Leave exit 0 as the last line in the file.

rc.local is automatically run at the end of each multiuser runlevel, which makes it useful for starting programs at boot.

Without Root

Let’s say that you want to get the above behavior on a system to which you do not have root access.

Hypothetically, one should be able to just drop the line @reboot /usr/bin/screen -dmS irc -c "/usr/bin/irssi" or @reboot /home/username/startscreen.sh into one’s crontab (crontab -e), where it would be executed at startup. This works for most scripts, but screen doesn’t like to start when it’s not attached to a terminal.

The most common workaround for this, in an “if it’s stupid but it works, it’s not stupid” kind of way, is to SSH to localhost and then start screen. Fortunately, a helpful user named znx typed up the instructions for that process here. Here’s a summary, if you’re on a new install with no authorized keys set yet:

$ ssh-keygen # accept all defaults
$ cp ~/.ssh/id_rsa.pub ~/.ssh/authorized_keys
$ vim ~/.ssh/config
    Host lo
        HostKeyAlias localhost
        HostName localhost
        IdentityFile /home/username/.ssh/id_localhost
        User username
        Port 22
$ ssh lo # accept the key this first time
$ crontab -e # add following line and save
    @reboot ssh lo /home/username/startscreen.sh

With systemd

Check out mythmon’s writeup with how to make your own systemd services and configure them to run automatically.

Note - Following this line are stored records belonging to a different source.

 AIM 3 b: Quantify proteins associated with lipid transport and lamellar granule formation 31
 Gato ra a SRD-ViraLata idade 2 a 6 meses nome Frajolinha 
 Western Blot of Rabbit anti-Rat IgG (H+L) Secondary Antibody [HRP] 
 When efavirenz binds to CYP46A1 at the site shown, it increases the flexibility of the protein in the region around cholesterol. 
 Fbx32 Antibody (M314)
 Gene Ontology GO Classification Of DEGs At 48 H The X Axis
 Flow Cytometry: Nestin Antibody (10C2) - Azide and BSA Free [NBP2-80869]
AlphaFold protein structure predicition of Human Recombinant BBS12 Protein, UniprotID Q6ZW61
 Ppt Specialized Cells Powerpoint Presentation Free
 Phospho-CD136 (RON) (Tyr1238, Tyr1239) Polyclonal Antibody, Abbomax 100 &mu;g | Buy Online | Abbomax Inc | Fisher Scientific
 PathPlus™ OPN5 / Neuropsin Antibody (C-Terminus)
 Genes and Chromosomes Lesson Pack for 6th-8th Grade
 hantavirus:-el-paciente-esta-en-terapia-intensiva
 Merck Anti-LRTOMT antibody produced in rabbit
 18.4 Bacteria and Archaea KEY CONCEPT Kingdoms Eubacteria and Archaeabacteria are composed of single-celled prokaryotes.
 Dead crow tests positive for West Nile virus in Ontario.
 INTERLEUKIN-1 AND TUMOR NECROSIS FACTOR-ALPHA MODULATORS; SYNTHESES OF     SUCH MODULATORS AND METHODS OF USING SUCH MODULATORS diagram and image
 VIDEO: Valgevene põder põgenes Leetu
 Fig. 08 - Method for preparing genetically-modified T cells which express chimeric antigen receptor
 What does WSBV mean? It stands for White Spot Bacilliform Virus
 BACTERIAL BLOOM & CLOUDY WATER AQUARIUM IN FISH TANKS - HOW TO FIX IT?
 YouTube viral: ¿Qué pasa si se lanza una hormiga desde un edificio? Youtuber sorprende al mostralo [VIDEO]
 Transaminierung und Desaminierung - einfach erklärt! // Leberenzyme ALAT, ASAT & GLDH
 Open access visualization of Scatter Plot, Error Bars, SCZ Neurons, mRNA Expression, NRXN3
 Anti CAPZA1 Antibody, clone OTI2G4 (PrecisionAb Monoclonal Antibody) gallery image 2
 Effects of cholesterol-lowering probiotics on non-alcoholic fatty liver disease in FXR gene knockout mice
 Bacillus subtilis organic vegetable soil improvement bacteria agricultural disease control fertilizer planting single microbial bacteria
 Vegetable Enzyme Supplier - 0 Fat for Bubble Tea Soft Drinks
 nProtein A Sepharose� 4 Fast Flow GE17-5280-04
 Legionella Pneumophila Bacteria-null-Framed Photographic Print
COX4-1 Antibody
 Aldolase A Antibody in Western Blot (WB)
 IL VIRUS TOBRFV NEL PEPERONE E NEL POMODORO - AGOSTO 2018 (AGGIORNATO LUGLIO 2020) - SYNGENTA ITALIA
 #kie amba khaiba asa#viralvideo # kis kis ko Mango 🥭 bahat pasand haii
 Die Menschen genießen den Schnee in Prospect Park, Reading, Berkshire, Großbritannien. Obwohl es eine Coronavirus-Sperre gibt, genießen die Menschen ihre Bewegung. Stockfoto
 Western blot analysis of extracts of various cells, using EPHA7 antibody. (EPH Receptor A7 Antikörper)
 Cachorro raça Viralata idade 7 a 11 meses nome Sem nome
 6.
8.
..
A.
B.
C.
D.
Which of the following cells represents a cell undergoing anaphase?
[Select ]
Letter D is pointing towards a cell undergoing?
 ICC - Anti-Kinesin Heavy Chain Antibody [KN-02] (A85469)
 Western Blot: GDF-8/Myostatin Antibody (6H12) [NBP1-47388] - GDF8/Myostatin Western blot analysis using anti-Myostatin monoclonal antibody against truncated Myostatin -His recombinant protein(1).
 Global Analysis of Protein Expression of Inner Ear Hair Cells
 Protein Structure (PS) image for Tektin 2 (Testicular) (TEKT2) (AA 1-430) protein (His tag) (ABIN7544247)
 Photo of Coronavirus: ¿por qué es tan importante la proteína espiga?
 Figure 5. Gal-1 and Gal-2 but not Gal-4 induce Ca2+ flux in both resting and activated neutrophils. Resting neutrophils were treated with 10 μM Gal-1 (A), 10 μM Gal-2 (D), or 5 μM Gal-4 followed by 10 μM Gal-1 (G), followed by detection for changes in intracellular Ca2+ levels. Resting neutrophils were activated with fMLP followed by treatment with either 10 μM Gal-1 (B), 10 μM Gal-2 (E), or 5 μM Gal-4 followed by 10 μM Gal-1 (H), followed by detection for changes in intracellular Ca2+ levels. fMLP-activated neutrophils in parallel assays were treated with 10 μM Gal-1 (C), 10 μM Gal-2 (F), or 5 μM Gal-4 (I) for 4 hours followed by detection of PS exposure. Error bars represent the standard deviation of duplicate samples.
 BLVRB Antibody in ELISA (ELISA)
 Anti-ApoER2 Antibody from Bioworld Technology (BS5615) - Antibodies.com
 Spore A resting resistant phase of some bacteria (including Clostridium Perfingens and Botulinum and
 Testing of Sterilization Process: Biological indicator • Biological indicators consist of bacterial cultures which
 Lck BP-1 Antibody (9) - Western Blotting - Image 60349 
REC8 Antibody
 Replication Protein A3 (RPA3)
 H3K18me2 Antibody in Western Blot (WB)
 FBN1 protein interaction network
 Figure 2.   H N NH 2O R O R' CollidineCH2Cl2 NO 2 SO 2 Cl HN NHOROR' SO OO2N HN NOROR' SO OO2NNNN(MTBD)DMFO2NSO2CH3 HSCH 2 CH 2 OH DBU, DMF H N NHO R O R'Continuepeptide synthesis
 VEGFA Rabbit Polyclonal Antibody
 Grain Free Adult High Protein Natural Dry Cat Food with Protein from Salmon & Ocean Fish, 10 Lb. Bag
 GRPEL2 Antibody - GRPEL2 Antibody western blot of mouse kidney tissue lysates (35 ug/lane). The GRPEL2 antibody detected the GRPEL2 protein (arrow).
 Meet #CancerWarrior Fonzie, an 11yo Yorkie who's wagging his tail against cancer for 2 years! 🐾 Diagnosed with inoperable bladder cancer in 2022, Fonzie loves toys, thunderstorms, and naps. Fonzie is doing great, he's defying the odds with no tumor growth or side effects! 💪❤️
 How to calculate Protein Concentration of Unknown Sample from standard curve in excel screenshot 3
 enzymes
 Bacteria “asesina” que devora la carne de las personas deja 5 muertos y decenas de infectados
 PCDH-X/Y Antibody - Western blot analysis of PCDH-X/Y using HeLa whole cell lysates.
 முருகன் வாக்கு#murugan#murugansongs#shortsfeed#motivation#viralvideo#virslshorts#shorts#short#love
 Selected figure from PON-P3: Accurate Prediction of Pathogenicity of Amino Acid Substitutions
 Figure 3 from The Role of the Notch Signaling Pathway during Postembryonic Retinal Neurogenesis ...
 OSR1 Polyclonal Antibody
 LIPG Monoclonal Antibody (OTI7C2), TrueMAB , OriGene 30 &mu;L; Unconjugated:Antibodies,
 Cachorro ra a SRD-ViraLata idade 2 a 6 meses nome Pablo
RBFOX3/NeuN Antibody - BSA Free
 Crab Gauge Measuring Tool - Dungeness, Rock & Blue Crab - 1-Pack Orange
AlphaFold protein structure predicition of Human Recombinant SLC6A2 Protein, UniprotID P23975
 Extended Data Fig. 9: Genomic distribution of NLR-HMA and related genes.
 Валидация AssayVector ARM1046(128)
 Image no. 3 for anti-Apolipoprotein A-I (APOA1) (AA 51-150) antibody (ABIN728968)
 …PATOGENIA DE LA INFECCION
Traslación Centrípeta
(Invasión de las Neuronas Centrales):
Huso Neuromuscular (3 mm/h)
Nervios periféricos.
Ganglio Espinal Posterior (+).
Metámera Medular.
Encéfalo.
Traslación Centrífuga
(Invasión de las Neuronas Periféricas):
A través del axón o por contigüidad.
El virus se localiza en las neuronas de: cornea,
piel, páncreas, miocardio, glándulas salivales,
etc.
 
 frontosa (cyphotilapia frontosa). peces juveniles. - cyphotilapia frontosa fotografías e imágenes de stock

I haven’t tried this yet myself, but I expect that any problems repeating it with screen would be most likely to happen when trying to start a detached screen without a terminal, and could be circumvented by the ssh-to-localhost method described above.

What next?

Having Irssi running is cool, but only really useful if it’s connected to the right newtorks and channels. The irssi docs and freenode sasl guide contain all the necessary information.